Dhruv Bhutani / Android Authority
If you’ve followed business news over the past few weeks, you may know that AI companies are financially suffering in spite of the investor euphoria and optimism. Companies with deep pockets like Google and Meta have been spared the worst, but startups like OpenAI are banking on a continuous stream of funding from those very tech giants to stay afloat. And in response, OpenAI appears to be turning to a familiar solution from the tech playbook: advertising in ChatGPT.
That’s right, your ChatGPT chats will soon display ads along the bottom of the screen. Most users, including myself, are understandably upset by this news. But what makes it worse is that OpenAI isn’t stopping at the free tier but also alienating the people who are willing to pay for the new $8 per month Go tier.
So while we were initially quite optimistic about the new affordable ChatGPT Go subscription, I’m not thrilled about keeping the subscription, especially as Google’s new AI Plus tier might undercut it in terms of both features and price.
Ads in ChatGPT, and why they’re problematic
According to OpenAI, ads you’ll soon see in ChatGPT will appear alongside the chatbot’s responses and won’t affect the actual answers you get. Ask a question about smartphones and ChatGPT won’t tell you to buy a Samsung device just because the company paid off OpenAI. This is certainly the best case scenario — ads embedded within responses would be much more effective but will make the chatbot’s responses far less trustworthy.

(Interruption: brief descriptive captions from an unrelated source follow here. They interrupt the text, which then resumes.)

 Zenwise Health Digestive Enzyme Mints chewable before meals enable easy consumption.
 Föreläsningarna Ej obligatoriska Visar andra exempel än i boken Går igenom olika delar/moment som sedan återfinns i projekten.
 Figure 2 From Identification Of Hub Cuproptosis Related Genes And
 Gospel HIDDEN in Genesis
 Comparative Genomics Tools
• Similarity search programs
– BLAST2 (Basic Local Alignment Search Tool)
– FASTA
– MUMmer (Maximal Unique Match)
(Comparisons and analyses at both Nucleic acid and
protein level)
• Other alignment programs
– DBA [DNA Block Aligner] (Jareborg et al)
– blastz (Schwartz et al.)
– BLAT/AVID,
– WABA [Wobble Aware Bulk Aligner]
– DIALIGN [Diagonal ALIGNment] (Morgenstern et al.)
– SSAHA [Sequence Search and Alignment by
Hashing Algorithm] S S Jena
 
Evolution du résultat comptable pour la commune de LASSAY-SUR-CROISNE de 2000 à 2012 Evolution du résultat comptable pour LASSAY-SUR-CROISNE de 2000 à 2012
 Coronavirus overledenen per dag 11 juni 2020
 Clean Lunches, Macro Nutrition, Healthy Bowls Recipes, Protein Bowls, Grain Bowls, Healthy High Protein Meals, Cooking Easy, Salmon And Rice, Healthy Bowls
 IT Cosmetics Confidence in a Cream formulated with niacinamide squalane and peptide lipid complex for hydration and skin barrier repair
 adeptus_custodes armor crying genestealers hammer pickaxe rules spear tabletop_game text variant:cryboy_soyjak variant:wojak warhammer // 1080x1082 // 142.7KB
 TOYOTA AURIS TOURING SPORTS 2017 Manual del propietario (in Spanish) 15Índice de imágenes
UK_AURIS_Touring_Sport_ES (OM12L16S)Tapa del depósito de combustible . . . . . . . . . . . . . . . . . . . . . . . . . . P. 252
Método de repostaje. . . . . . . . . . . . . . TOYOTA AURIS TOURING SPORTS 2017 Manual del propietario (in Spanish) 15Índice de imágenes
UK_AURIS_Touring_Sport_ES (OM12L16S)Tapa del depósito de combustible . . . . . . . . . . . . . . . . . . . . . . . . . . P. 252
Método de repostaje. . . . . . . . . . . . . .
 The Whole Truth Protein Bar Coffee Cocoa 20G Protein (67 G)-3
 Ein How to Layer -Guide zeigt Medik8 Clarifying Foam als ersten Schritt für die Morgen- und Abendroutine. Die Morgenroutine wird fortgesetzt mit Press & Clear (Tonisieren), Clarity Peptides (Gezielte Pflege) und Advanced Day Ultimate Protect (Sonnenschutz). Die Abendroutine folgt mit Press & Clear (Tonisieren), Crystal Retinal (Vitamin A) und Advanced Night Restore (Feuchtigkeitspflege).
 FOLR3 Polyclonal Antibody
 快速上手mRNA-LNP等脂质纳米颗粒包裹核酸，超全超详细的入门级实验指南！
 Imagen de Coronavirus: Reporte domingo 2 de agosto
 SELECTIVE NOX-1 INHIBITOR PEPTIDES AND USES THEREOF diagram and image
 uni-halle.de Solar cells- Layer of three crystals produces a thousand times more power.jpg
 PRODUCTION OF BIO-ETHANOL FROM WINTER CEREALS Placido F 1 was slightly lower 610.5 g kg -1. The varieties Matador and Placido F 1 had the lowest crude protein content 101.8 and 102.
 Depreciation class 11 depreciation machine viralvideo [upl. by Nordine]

However, that doesn’t mean ChatGPT won’t show targeted ads — in fact, we know the opposite is true. Like any modern ad platform, relevance is the entire point. If you use the chatbot for personal finance advice, it’s easy to imagine being inundated with sponsored credit cards, investment apps, or loan services. OpenAI could block problematic categories like health, but self-regulation has rarely worked in the tech industry. And the more users rely on ChatGPT for sensitive, high-intent queries, the more valuable those ad placements become.
Ads in ChatGPT will be annoying, even if they're not as intrusive as they could be.
You could draw parallels between ads in ChatGPT and sponsored links in Google Search based on the above screenshot, but I think the comparison quickly falls apart. A search engine doesn’t respond like it’s your friend or pretend to understand your goals. It simply presents a list of links, and sponsored results appear in the same format.
ChatGPT, on the other hand, has developed a reputation for being conversational and even empathetic. OpenAI says ads will just sit distinctly beside responses but conceptual screenshots already make it look like an endorsement. People are more likely to trust a friendly recommendation than something vying for attention online.